Steven Kazmierczak, who authorities say killed five people at Northern Illinois University on February 14, 2008

The first thing Lhee Santos remembers of the worst afternoon of his life was the tall, thin man kicking open the door on the lecture hall's right side. It was 3:06 p.m. and the intruder walked onto the stage, startling the professor, Joseph Peterson. The unannounced visitor bore several weapons, including a 12-gauge shotgun, a 9-mm Glock pistol and two other pistols. He wore jeans and a t-shirt and carried a guitar case. The 150 or so students in the introductory geology class thought it was all just a joke. That is, until the gunfire started. The first body down was the professor's.

Santos, 20, was sitting on Row 7 of the Cole Hall lecture room at Northern Illinois University, not far from his girlfriend of five months, Monique Caspillan, 19. It was Valentine's Day, and they were to celebrate later that evening. Instead, they became witnesses to a St. Valentine's Day massacre in this campus of 25,000 students in DeKalb, about an hour's drive west of Chicago. Five students were killed. The sixth fatality was the gunman, identified as Steven P. Kazmierczak, 27, who apparently took his own life on the lecture hall stage. Many others were shot or injured, including Peterson, who survived the rampage. It had been a week full of shootings on a number of high school campuses but the deadly six-minute long incident at NIU was by far the most reminiscent of last year's horrendous Virginia Tech massacre where a lone gunman killed 32 people before committing suicide.

When the shooting started, Santos says Kazmierczak fired directly into the center of the class, at the front row of students. Several students screamed. Some threw themselves into the space between chairs. Hoping to escape out the top back doors, some began rushing up the two ascending aisles, which divided the room into three seating areas that swept upwards. Kazmierczak then took aim at those very fleeing students, Santos says. The attacker then hopped down onto the main floor. Santos, in Row 7, reached for his girlfriend, and for a moment pulled her against the far right wall, just steps from the room's front exit. The couple shivered, hoping to evade the gunman's path. "But he was just stepping up the aisles, just shooting people, just like that," Santos says, imitating Kazmierczak's motion with his arms to show how the attacker shot students "at point-blank range."

As Kazmierczak ascended the steps, Santos and Caspillan threw themselves onto the ground, between the seats.
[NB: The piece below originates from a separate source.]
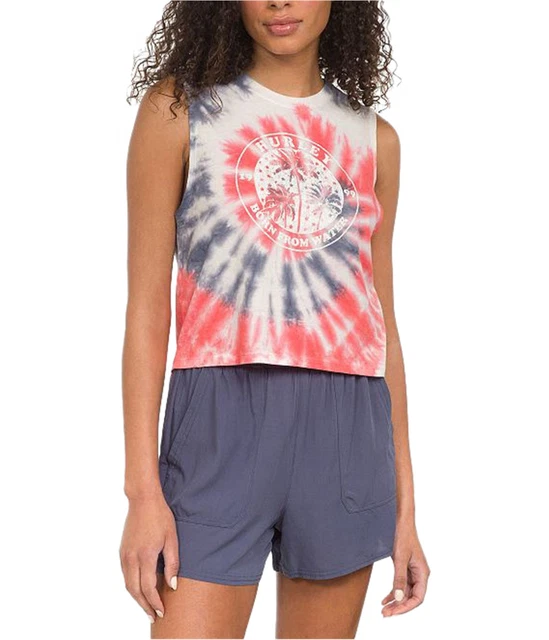 Hurley Womens Palmicana Muscle Tank Top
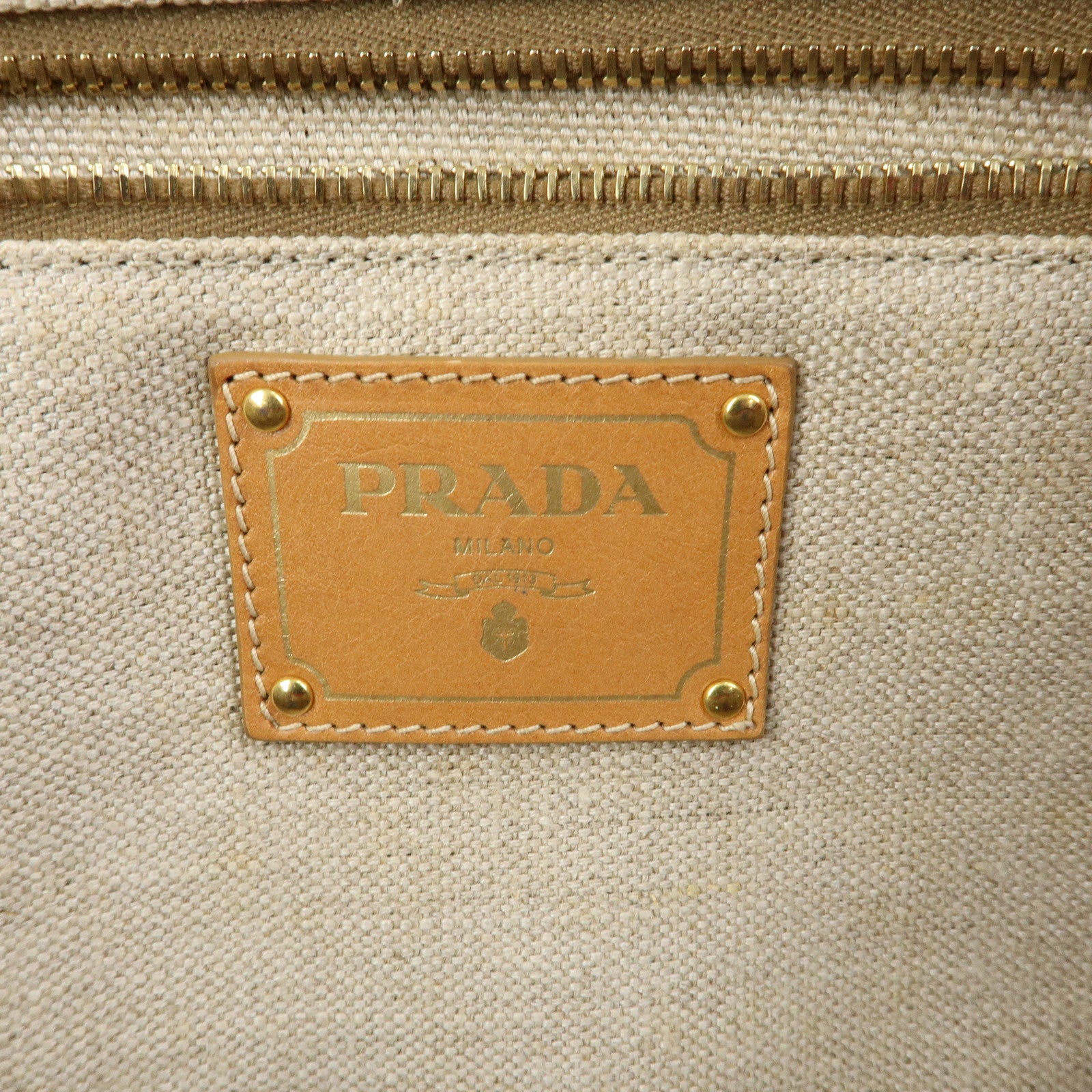 PRADA Canapa Large Triangle Logo Tote Bag Striped Pink Black B1872B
Kazmierczak stopped just there, at Row 7, but apparently keeping his gaze, and aim, at the students who were attempting to leave. "If he'd have just turned around," Santos says, "he would've shot me. I wouldn't be here."

Instead of turning towards the couple, Kazmierczak descended the aisle. At some point, the authorities say, Kazmierczak reloaded at least one of the weapons. There were a series of gunshots. No one knows how many. Police would later recover 48 bullet casings and 6 shotgun shells. And then, for 30 seconds, there was silence.

Santos recalls poking up his head. "No one was standing or shouting," he says. So Santos stood up, grabbed his girlfriend, and stood against the wall. The couple, both rail-thin, moved in the roughly 10-inch gap between the wall and row of seats. Some students tried dialing their cell phones, with no luck; cell phone service in the lecture hall was usually spotty, anyways. Blood was everywhere.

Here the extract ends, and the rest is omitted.